A sentire quei latrati il vetturino si voltò. Vide il ragazzo ed il cane che si rotolavano allegramente sui vecchi e stinti cuscini della carrozza: i cani ed i ragazzi non fanno molta differenza tra i prati ed i cuscini, e appena trovano spazio sufficiente si rotolano come trottole.

— E da dove salta fuori, quello? — domandò il vetturino ridendo.

— Non so. Quando mi sono svegliato l'ho trovato che mi leccava una mano.

— Dev'essere un cane randagio. Sarà saltato nella carrozza per ripararsi dal freddo.

— Forse era triste e cercava qualcuno per stare in compagnia.

— Già. forse è stato così.

Il vetturino tossì e cominciò a raccontare una lunga storia:

— Una volta trovai un cane. Mi ricordo che venivo dalla stazione ed avevo la carrozza carica di passeggeri e di valigie. Il cavallo quel giorno non voleva camminare. Pioveva, sai, e anche i cavalli hanno i loro capricci. Tanto è vero che un proverbio dice…

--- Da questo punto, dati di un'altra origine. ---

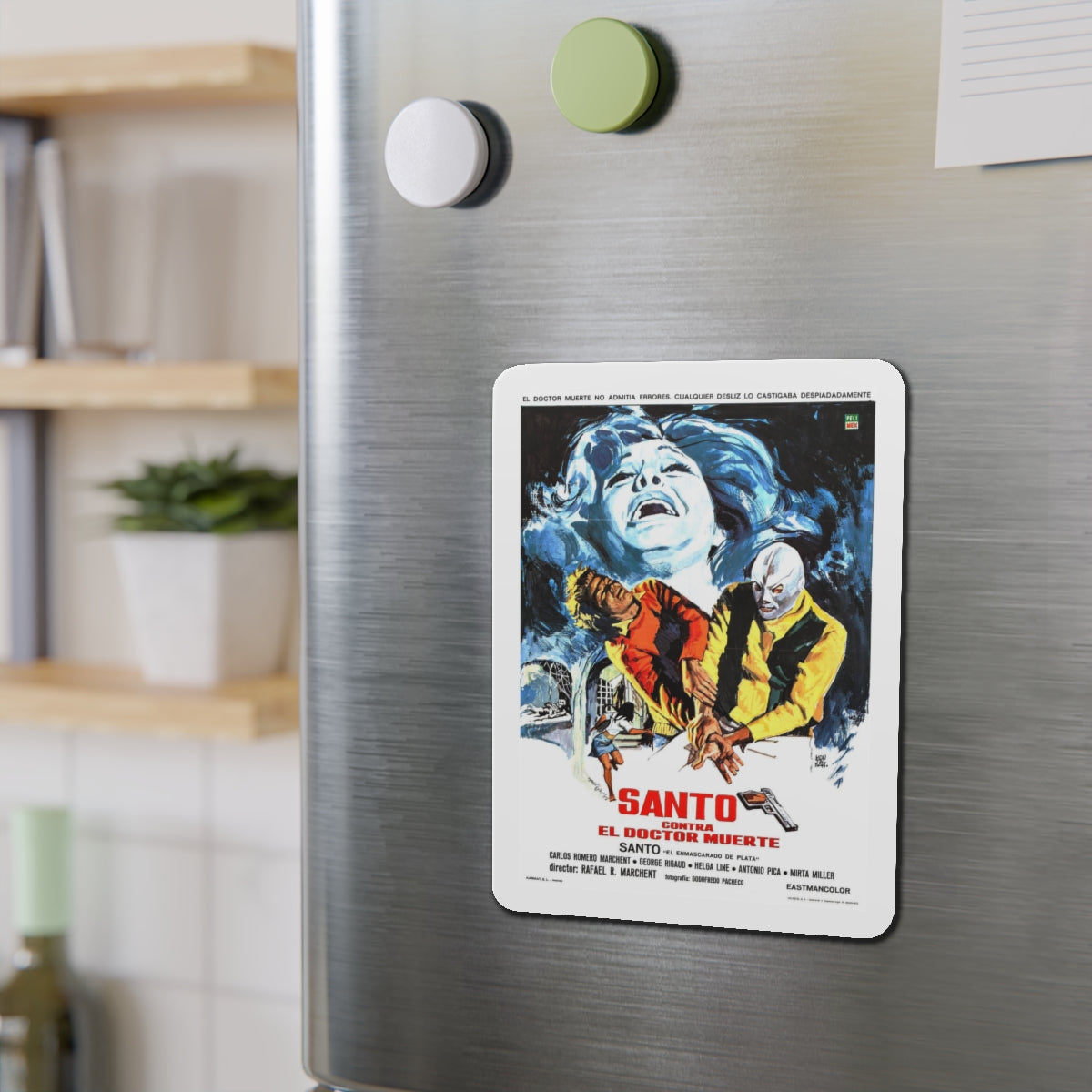 SANTO VS DOCTOR DEATH 1973 Movie Poster - Refrigerator Magnet-The Sticker Space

Ma Francesco e Spìcciola non sapranno mai che cosa dice il proverbio, né come andò a finire la storia del vetturino. Il vecchio parla, parla, parla, e i due amici — stavo per dire i due ragazzi — hanno già scoperto che in due si può giocare, ridere e divertirsi, e tutto sembra più bello.

Anche una giornata d'inverno, in una città sepolta sotto la neve, diventa lieta e serena come una giornata d'estate al mare.

Che cos'è e un amico

Il giorno dopo Francesco andò a lavorare nel negozio della Befana. Spìcciola, naturalmente, lo seguì. Non potevano separarsi un minuto solo. Francesco se lo era portato con sé a letto, ed era stato Spìcciola a svegliarlo, il mattino presto, con un latrato impaziente che voleva dire:

— Su, non sciupare tutto il tempo a dormire. Dobbiamo fare mille cose. Dobbiamo fare insieme le capriole nella neve, dobbiamo correre fino al muro della fabbrica per vedere chi arriva primo, dobbiamo saltare dal sesto gradino per vedere chi arriva più lontano. Su, sveglia, sveglia!

Per tutta la strada continuarono a giocare.

La Befana, a dire la verità, fece una certa smorfia e disse:

— Un cane? Vuoi tenerlo in negozio con te?

— Se lei permette, signora baronessa.